→ **INSTRUCTIONS TO FOLLOW**
Please provide the entries below again, word for word.

→ **SOURCE MATERIAL**
=====

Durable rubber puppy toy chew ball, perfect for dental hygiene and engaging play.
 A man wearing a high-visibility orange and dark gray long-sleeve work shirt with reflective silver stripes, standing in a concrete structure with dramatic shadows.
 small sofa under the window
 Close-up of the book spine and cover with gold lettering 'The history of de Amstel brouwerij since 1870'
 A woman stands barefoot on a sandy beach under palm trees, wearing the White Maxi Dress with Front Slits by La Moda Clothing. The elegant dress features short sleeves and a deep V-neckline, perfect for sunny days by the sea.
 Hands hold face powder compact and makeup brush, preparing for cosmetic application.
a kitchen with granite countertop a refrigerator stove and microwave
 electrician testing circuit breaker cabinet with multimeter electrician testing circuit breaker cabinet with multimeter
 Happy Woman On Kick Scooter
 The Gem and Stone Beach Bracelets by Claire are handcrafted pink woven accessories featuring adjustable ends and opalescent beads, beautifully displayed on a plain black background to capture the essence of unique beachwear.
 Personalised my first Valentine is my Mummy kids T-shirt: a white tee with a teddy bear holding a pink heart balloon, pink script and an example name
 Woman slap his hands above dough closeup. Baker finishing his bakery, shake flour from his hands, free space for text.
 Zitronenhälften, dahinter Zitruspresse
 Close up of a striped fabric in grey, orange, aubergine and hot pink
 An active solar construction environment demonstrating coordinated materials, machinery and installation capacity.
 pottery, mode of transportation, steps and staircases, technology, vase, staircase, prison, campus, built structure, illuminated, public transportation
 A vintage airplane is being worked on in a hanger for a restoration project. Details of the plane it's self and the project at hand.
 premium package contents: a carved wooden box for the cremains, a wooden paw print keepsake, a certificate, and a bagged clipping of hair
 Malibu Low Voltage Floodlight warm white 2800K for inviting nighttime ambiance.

=====

→ **RESPONSE TO THE EXERCISE**
Durable rubber puppy toy chew ball, perfect for dental hygiene and engaging play.
 A man wearing a high-visibility orange and dark gray long-sleeve work shirt with reflective silver stripes, standing in a concrete structure with dramatic shadows.
 small sofa under the window
 Close-up of the book spine and cover with gold lettering 'The history of de Amstel brouwerij since 1870'
 A woman stands barefoot on a sandy beach under palm trees, wearing the White Maxi Dress with Front Slits by La Moda Clothing. The elegant dress features short sleeves and a deep V-neckline, perfect for sunny days by the sea.
 Hands hold face powder compact and makeup brush, preparing for cosmetic application.
a kitchen with granite countertop a refrigerator stove and microwave
 electrician testing circuit breaker cabinet with multimeter electrician testing circuit breaker cabinet with multimeter
 Happy Woman On Kick Scooter
 The Gem and Stone Beach Bracelets by Claire are handcrafted pink woven accessories featuring adjustable ends and opalescent beads, beautifully displayed on a plain black background to capture the essence of unique beachwear.
 Personalised my first Valentine is my Mummy kids T-shirt: a white tee with a teddy bear holding a pink heart balloon, pink script and an example name
 Woman slap his hands above dough closeup. Baker finishing his bakery, shake flour from his hands, free space for text.
 Zitronenhälften, dahinter Zitruspresse
 Close up of a striped fabric in grey, orange, aubergine and hot pink
 An active solar construction environment demonstrating coordinated materials, machinery and installation capacity.
 pottery, mode of transportation, steps and staircases, technology, vase, staircase, prison, campus, built structure, illuminated, public transportation
 A vintage airplane is being worked on in a hanger for a restoration project. Details of the plane it's self and the project at hand.
 premium package contents: a carved wooden box for the cremains, a wooden paw print keepsake, a certificate, and a bagged clipping of hair
 Malibu Low Voltage Floodlight warm white 2800K for inviting nighttime ambiance.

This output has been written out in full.